[Given information — start]
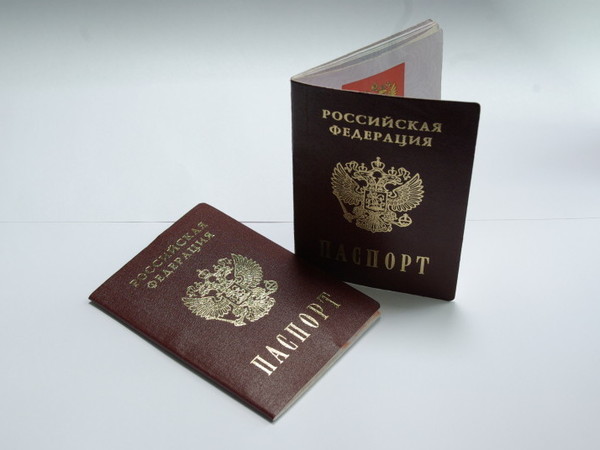 Как по закону лишить гражданства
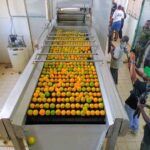 BIPC Commences Juice Production Testing at Revitalized Benfruits Industry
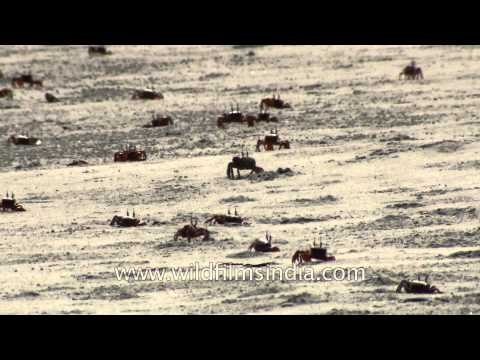 Red crabs dot the shores of Henry Island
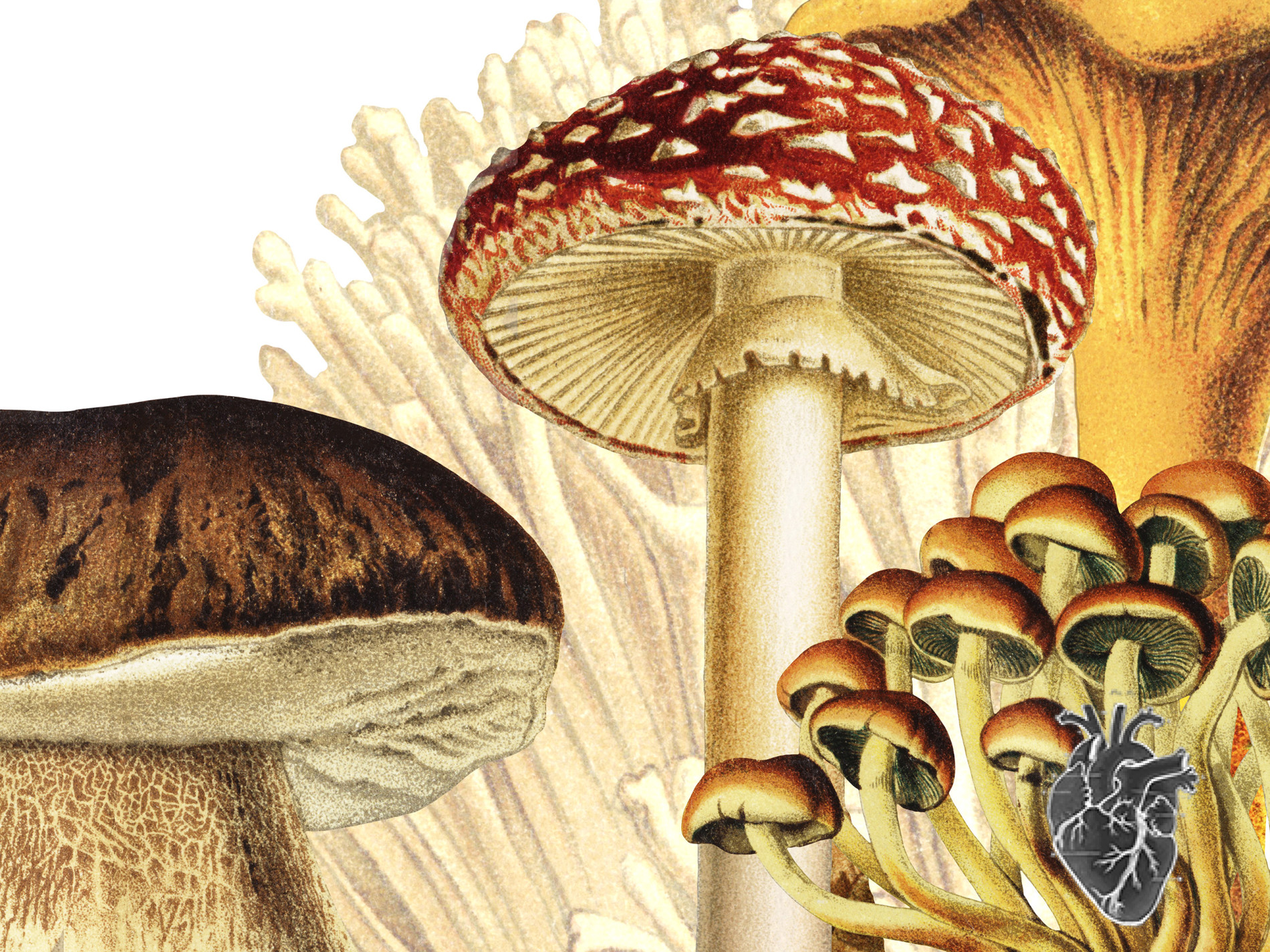 Sanctum Studio presents Fungal Forest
[Given information — finish]
## [Directions]
Repeat the listing verbatim without its pictures.

## [Response area]
 Как по закону лишить гражданства
 BIPC Commences Juice Production Testing at Revitalized Benfruits Industry
 Red crabs dot the shores of Henry Island
 Sanctum Studio presents Fungal Forest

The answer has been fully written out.